Foreword/Description: (8.5/10)
Foreword - RED. That's the first thing I saw. I know you're just trying to tell readers that your story is a submission for the contest but red, really... Other than that, the rest are just your 'author's note' so yeah.
Description - Ah, purple! I'm sorry to say, but my eyes kind of hurt. It's like, after seeing the poster when I first click the link, "Awww, peach-pink poster! Very nice, not really bright and gives off a warm feeling." but when I got to the description part, first sentence, "Oh my." No, I don't hate purple but it just doesn't really look good there, though, it is better than red though. Perhaps, grey would work?
Plot/Originality: (18/20)
I love your plot. Like how you explained her getting the invitation, to her thinking about the consequences, to the day the wedding is held, then her sister walking down the aisle. It's definitely one of the few stories that I'd actually remember the plot of. The main reason is because it was really interesting, original and realistic. It doesn't even feel like I'm reading a fiction but more like the autobiography of a person, which it actually feels like it really happened in real life.
Characterisation: (12/15)
Nice way of expressing how the main character is; a caring yet selfish girl. The main character's personality is kind of bipolar, no, screw that, she's really bipolar. What I really love is how you expressed her character throughout the whole story. What she did in the end, well, I did expect her to go to the guy, even if she kept saying she's angry at him for betraying her sister. What I didn't expect was her shouting she hated him in public, him not giving up on trying to win her and her sister being there when they kissed.
Flow: (13/15)
Nicely done! It was dragging on at the part where the main character felt hopeless and her mental breakdown when she received the invitation. You really expressed the situation there well. The flow was good, not too fast, not too slow.
Grammar, Spelling and Punctuation: (25/25)
You're probably one of the few writers I knew who has no problem in this field. Your use of grammar is excellent. No spelling mistakes and punctuation used were correct as well. Congrats!
Vocabulary: (4.5/5)
Great use of your amazing vocabs! Seriously, the English you used were so... deep. Haha, I even learnt a few words from your story! I understood what you were trying to deliver to the readers well.

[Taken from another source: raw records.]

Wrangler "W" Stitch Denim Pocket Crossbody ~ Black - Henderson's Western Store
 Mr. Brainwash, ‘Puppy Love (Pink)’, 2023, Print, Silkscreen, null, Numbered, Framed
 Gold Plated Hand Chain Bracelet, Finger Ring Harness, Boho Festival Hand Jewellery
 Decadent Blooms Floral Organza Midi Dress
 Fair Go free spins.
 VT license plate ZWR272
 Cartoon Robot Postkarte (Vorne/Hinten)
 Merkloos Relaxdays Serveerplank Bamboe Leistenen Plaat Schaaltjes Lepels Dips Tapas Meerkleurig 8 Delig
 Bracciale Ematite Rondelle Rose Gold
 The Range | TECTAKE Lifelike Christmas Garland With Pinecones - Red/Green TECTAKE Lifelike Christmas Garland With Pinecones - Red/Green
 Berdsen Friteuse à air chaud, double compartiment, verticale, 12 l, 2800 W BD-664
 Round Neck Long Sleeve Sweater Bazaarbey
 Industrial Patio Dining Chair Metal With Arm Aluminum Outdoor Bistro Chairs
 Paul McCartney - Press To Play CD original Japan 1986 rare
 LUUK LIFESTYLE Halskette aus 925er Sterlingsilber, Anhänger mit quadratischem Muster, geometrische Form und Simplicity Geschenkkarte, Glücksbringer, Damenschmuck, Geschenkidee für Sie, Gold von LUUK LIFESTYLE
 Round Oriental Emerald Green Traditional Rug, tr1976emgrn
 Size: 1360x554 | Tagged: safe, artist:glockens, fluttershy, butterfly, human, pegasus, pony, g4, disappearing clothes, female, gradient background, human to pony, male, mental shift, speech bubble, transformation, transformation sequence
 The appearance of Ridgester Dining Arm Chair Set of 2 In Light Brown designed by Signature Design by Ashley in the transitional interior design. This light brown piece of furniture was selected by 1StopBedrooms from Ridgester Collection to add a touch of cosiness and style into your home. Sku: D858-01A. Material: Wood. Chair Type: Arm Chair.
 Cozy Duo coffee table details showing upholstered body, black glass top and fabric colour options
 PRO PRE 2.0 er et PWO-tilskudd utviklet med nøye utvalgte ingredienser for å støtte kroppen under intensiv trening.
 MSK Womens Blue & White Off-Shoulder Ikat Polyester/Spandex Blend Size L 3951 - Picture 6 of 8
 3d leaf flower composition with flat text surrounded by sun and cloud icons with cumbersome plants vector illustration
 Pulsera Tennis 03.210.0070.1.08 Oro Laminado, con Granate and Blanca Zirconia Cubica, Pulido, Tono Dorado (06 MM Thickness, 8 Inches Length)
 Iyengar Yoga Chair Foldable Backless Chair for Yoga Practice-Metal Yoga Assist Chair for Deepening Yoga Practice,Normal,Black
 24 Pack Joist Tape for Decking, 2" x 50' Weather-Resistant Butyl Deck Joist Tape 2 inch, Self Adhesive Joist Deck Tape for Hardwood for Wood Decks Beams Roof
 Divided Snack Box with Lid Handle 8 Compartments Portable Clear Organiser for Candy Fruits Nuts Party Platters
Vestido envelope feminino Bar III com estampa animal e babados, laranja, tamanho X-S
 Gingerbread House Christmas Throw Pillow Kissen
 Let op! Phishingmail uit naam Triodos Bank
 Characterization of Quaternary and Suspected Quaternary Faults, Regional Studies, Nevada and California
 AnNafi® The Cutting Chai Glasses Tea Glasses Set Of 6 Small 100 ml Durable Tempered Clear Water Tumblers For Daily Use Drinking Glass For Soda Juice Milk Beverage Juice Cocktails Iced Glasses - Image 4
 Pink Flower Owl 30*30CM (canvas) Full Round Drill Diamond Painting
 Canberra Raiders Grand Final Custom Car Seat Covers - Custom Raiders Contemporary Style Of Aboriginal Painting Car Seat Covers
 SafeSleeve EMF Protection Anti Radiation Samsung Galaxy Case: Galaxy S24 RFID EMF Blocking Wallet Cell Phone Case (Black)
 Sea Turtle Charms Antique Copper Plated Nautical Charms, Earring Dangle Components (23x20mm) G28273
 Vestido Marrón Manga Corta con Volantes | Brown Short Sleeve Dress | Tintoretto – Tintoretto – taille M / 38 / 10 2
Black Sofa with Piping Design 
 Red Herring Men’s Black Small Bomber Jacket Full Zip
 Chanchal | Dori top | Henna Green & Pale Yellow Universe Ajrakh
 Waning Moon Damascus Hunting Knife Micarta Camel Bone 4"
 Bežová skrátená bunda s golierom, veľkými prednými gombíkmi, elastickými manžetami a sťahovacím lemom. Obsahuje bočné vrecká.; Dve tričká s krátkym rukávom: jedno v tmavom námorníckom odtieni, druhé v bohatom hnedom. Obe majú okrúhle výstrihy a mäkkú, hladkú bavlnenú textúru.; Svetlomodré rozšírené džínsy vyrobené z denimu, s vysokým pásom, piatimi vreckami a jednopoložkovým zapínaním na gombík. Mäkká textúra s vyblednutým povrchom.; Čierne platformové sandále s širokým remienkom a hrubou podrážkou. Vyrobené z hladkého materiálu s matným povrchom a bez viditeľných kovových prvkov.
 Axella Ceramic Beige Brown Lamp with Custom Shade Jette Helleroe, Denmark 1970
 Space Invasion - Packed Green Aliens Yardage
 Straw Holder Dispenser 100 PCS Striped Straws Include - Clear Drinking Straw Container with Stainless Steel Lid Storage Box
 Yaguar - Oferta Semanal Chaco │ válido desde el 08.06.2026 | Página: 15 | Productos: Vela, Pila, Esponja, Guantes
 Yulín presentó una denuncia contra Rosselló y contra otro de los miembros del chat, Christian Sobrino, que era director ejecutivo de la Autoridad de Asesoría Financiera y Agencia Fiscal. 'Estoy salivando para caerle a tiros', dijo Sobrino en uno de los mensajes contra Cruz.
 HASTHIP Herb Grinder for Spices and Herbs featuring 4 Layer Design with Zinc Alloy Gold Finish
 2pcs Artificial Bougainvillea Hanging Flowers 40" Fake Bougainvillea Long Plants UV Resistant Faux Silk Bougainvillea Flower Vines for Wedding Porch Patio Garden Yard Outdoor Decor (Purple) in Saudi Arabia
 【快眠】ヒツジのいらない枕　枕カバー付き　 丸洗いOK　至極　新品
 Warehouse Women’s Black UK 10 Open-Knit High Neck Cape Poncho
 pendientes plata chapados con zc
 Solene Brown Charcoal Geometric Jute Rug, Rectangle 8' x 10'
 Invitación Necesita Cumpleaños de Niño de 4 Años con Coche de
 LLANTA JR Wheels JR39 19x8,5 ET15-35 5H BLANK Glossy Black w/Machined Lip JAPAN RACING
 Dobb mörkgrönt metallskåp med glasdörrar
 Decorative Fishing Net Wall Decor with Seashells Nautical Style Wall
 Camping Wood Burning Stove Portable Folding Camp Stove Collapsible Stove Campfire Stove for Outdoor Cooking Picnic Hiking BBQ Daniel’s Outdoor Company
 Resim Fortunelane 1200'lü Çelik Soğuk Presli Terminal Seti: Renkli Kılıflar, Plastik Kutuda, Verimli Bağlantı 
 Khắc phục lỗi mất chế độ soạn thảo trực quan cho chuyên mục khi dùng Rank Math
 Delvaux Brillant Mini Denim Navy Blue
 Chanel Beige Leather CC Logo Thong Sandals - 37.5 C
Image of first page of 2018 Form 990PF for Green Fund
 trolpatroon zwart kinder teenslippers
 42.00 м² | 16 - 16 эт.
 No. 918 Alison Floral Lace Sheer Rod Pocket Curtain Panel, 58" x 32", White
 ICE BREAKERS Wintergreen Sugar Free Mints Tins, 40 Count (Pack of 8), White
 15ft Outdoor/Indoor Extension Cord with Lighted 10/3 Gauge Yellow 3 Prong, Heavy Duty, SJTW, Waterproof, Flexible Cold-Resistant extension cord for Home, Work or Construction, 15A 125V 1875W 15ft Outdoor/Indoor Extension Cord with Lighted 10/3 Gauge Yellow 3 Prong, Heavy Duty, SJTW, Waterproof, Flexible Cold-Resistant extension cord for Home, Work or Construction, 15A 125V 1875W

Bonus Points + Overall Enjoyment: (4/5)
Attractive title and poster. I enjoyed reading it and I may not remember every single details - may it be big or small ones - but I can picture the scenes in my mind. From how she got so dramatic in her apartment(?), to her sister's wedding day, then the aisle scene and the sister's fiance saying "I don't.", her trying to make it up to her sister, her trying to leave everything behind.
Total: (90/100) | Grade: B+
Note: This review is meant for constructive criticism. However if the opinion in this review has in anyway negatively affected you, your feelings or your writing style, please tell us. You deserve an apology even if it is unintentional.
Thank you for requesting from us. Remember to comment once you have seen this review. If you want to then you can put this in a blog because there is no guarantee that this review will be here forever. And also remember to credit this shop in your foreword/description of your story, The Wedding Invitation. And congratulations! Because your story has received over 90 marks, it is now featured in the shop!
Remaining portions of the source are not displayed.